* [Task to complete]
Below are records to return verbatim; the pictures are to be dropped.

------ The data

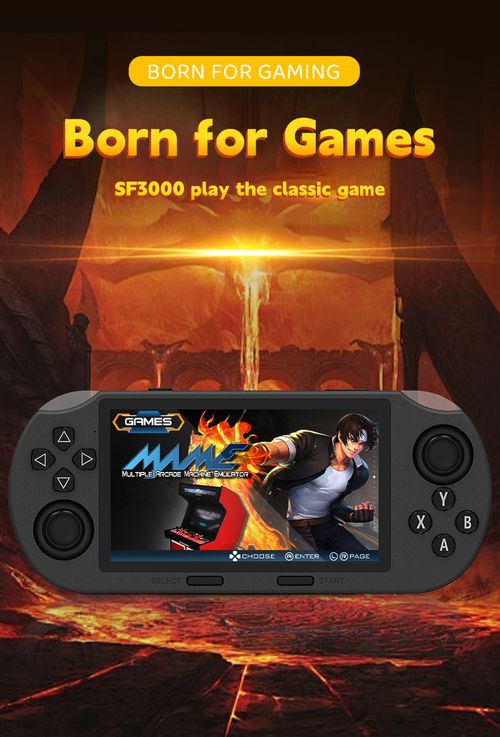 SF3000 4.5-inch large screen dual joystick game console open source handheld nostalgic handheld arcade HD
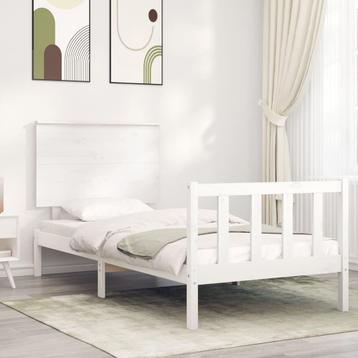 vidaXL Bedframe zonder matras massief grenenhout wit 90x200 beschikbaar voor biedingen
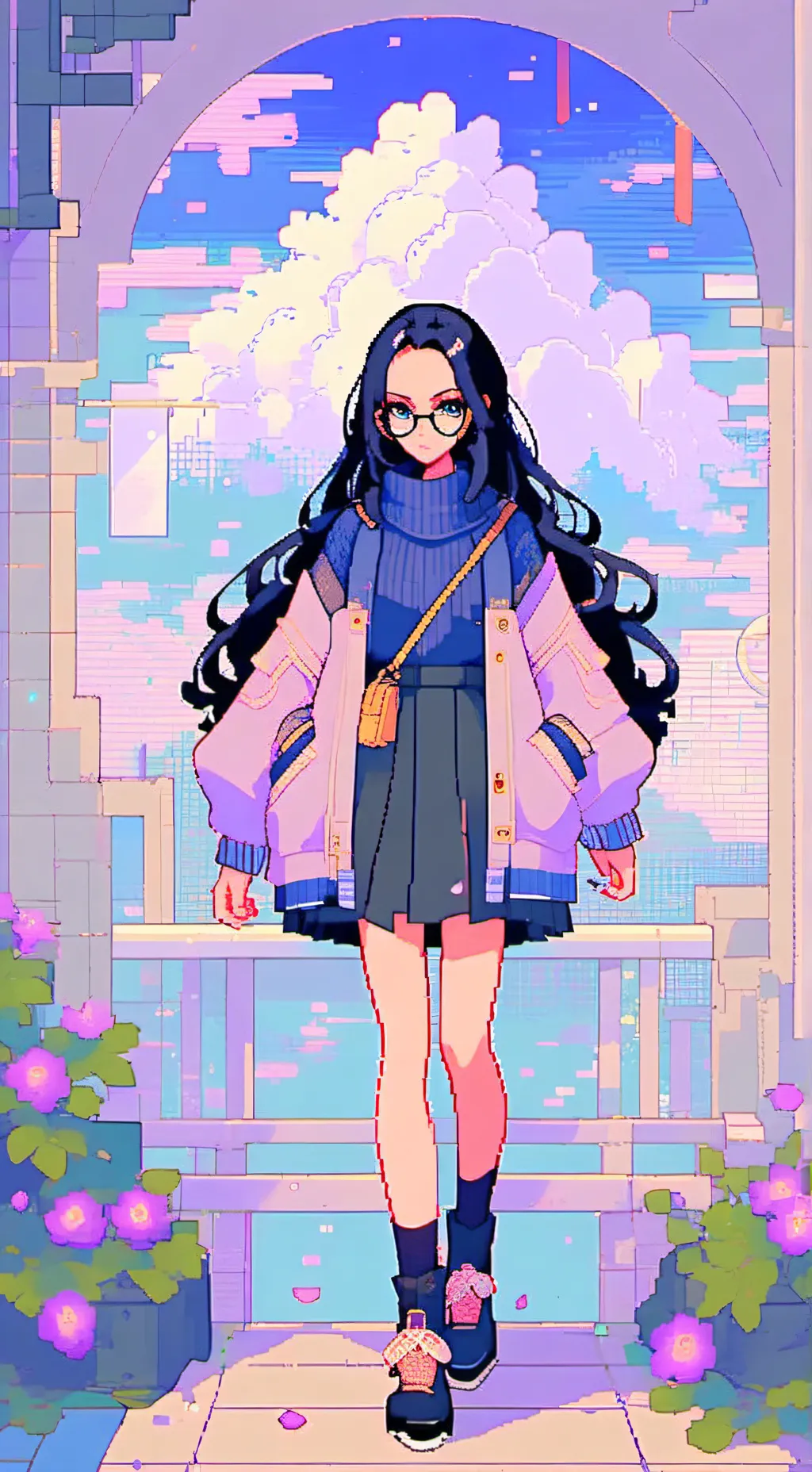 ai character: One Piece Elbaf background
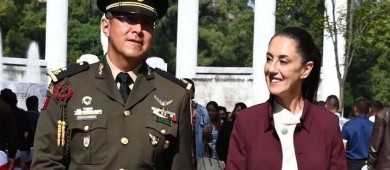 Sheinbaum promete no usar al Ejército para violar derechos, pero afirma sí tendrá tareas civiles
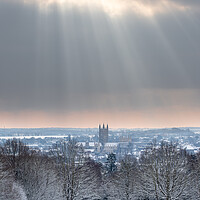 Buy canvas prints of Sun Rays over the Cathedral by Stewart Mckeown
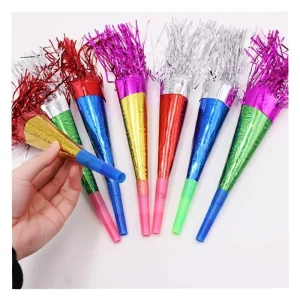 Party Supplies Support DIY Custom Brilliant Blue Blow Horn Party Blow Air Horn Party Paper Horn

------------

* [Result for this exercise]
 SF3000 4.5-inch large screen dual joystick game console open source handheld nostalgic handheld arcade HD
 vidaXL Bedframe zonder matras massief grenenhout wit 90x200 beschikbaar voor biedingen
 ai character: One Piece Elbaf background
 Sheinbaum promete no usar al Ejército para violar derechos, pero afirma sí tendrá tareas civiles
 Buy canvas prints of Sun Rays over the Cathedral by Stewart Mckeown
 Party Supplies Support DIY Custom Brilliant Blue Blow Horn Party Blow Air Horn Party Paper Horn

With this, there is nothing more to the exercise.